Web page caption snippets
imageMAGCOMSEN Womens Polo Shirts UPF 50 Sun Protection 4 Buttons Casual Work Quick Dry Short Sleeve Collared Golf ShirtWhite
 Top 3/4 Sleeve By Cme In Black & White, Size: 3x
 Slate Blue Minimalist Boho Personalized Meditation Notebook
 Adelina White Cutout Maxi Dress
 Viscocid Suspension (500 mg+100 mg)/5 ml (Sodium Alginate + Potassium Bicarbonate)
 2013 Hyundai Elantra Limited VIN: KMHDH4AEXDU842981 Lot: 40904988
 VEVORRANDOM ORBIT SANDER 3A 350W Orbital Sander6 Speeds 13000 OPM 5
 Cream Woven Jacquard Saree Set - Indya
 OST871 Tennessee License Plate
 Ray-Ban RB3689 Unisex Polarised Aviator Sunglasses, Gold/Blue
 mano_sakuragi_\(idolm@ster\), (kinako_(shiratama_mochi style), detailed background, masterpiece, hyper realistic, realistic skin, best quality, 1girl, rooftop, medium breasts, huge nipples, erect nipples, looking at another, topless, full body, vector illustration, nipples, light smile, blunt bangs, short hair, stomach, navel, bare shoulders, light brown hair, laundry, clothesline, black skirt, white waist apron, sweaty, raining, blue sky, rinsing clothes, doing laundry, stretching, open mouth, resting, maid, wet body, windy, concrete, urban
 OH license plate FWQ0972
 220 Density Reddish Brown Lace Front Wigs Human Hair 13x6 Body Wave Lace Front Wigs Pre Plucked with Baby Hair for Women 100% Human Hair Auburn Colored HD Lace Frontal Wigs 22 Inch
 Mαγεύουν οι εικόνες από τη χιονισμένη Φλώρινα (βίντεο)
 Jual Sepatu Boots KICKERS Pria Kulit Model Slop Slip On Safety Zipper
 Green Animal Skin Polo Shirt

EXERCISE
Only lines containing the word "Sleeve" should appear in the answer, and every such line from the records above must be there.

EXERCISE SOLUTION
imageMAGCOMSEN Womens Polo Shirts UPF 50 Sun Protection 4 Buttons Casual Work Quick Dry Short Sleeve Collared Golf ShirtWhite
 Top 3/4 Sleeve By Cme In Black & White, Size: 3x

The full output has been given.